À l’occasion de la 25e journée mondiale du braille, des professionnels handicapés visuels ont témoigné de leurs parcours devant un public de jeunes, démontrant que la maîtrise de ce système d’écriture tactile demeure une clé d’insertion sociale et professionnelle.
Gabriel est enseignant de philosophie. Somb Lingom exerce le métier de journaliste. Une gendarme, qui a perdu la vue, a pu se réinsérer dans sa profession. Trois parcours, trois métiers différents, mais un dénominateur commun : le braille. Ce système de signes en relief, inventé au XIXe siècle par Louis Braille, constitue pour ces Camerounais déficients visuels bien plus qu’un outil de lecture. Il représente une véritable passerelle vers l’autonomie et la reconnaissance professionnelle.

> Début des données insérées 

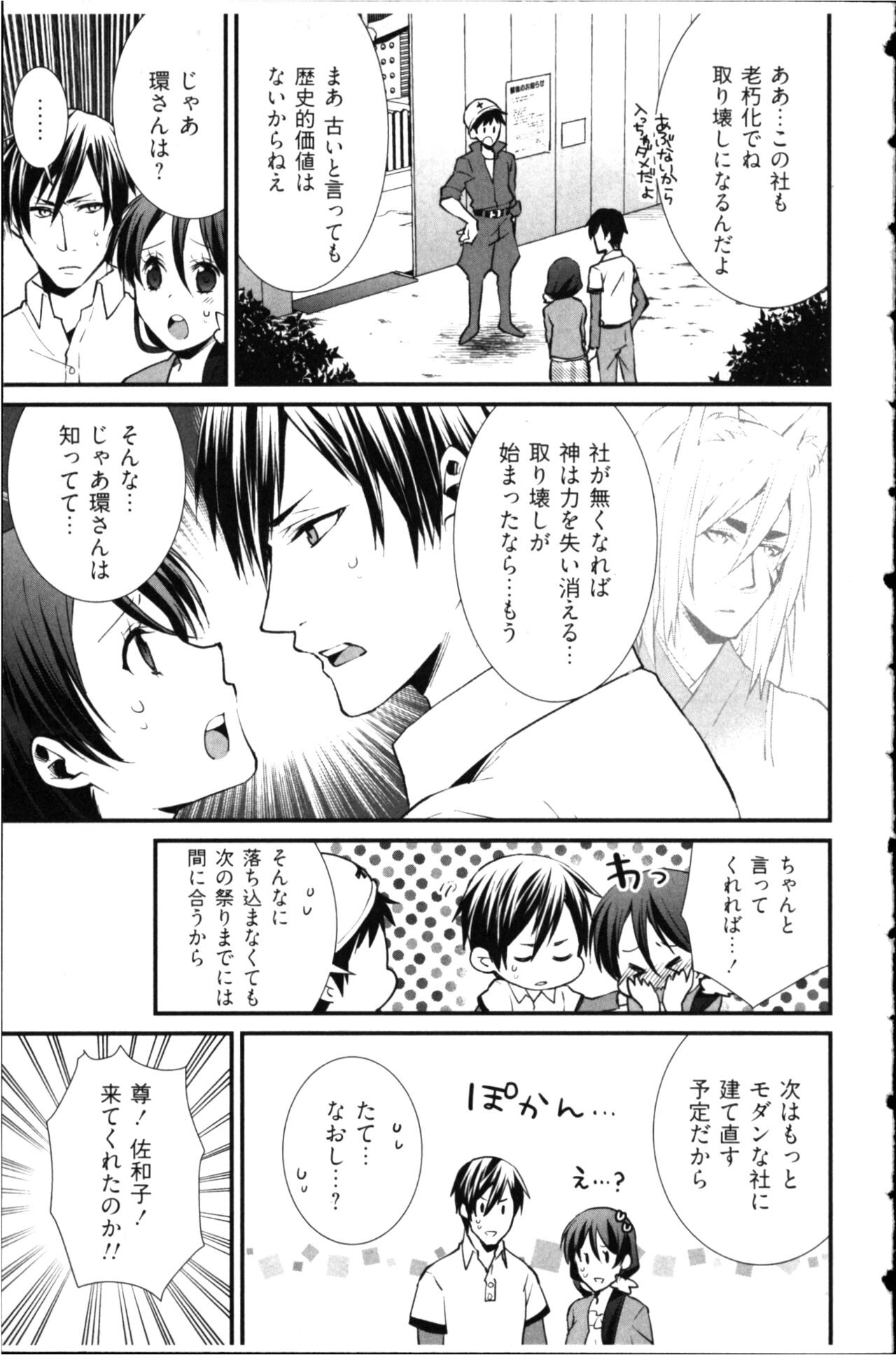 Page 179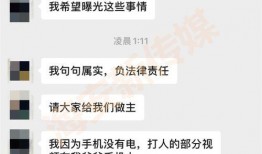海安网友爆料视频下载大全,精彩瞬间一网打尽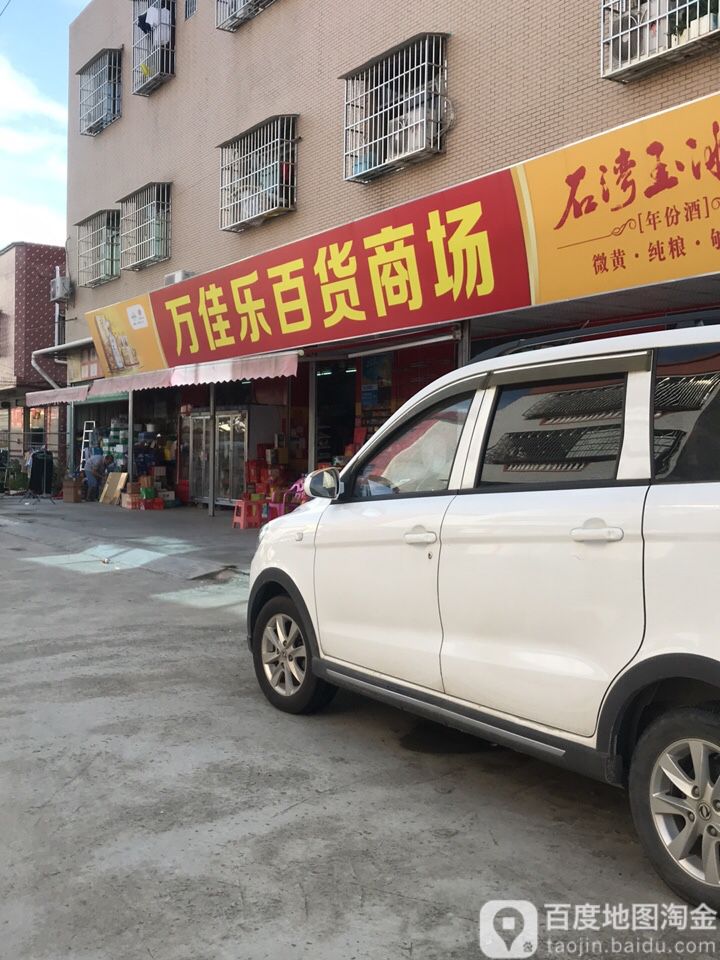 万佳乐百货商场(龙园大道店)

Mardi 7 janvier, le Cercle des jeunes aveugles réhabilités du Cameroun (CJARC) a organisé une conférence-témoignage réunissant élèves, étudiants et professionnels aveugles ou malvoyants. L’événement s’inscrivait dans le cadre de la journée mondiale du braille, célébrée chaque 4 janvier, avec pour thème cette année : « Témoin et transmetteur : le braille comme moteur d’inclusion entre journalisme et enseignement. »
Des modèles de réussite face à la jeunesse
Les intervenants, considérés comme des modèles de réussite au sein de leur communauté, ont partagé leurs expériences devant un auditoire attentif. Pour Gabriel, professeur de philosophie, le braille demeure « l’allié » indispensable qui lui permet de transmettre son savoir aux élèves. La gendarme, quant à elle, a évoqué son parcours de réinsertion après la perte de sa vue, un chemin rendu possible grâce à l’apprentissage et surtout à la maîtrise de ce système d’écriture tactile.

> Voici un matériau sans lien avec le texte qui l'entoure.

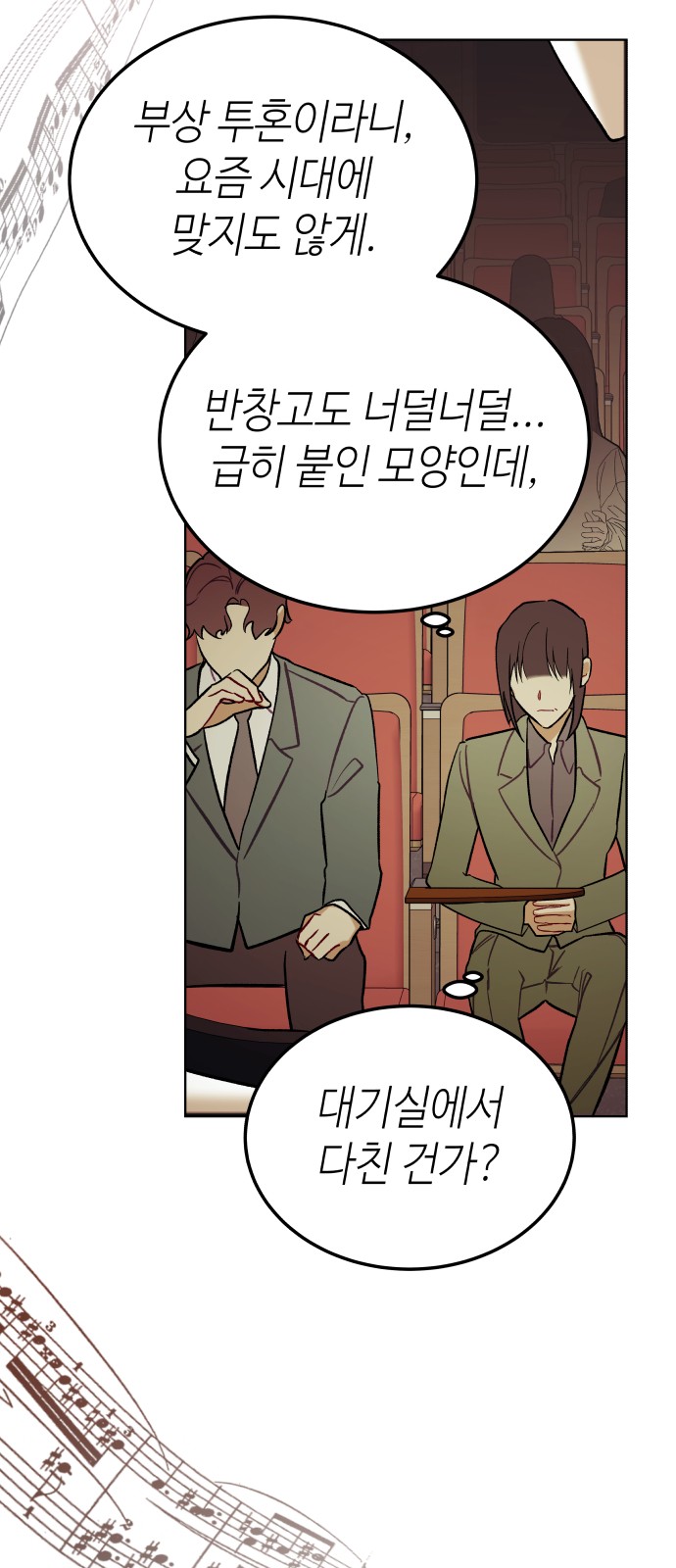 91 페이지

Au-delà des témoignages, la rencontre a également mis en lumière les talents artistiques de musiciens handicapés visuels, offrant une vision plus large des possibilités d’épanouissement personnel et professionnel. L’objectif affiché par le CJARC était de démontrer que le braille n’est pas seulement un code de lecture, mais une véritable porte ouverte sur l’insertion socioprofessionnelle.
Un enjeu d’inclusion toujours d’actualité
Si les technologies numériques offrent aujourd’hui de nouveaux outils d’accessibilité aux personnes déficientes visuelles, le braille conserve une place centrale dans leur éducation et leur autonomie. Au Cameroun comme ailleurs en Afrique, l’accès à l’apprentissage du braille et aux supports adaptés reste un défi majeur, particulièrement dans les zones rurales où les infrastructures spécialisées font défaut.
Cette 25e édition de la journée mondiale du braille rappelle que l’inclusion des personnes handicapées visuelles passe d’abord par la transmission des savoirs et le partage d’expériences. En donnant la parole à ceux qui ont réussi à s’insérer professionnellement, le CJARC souhaite encourager les jeunes générations à persévérer dans leur apprentissage et à croire en leurs capacités.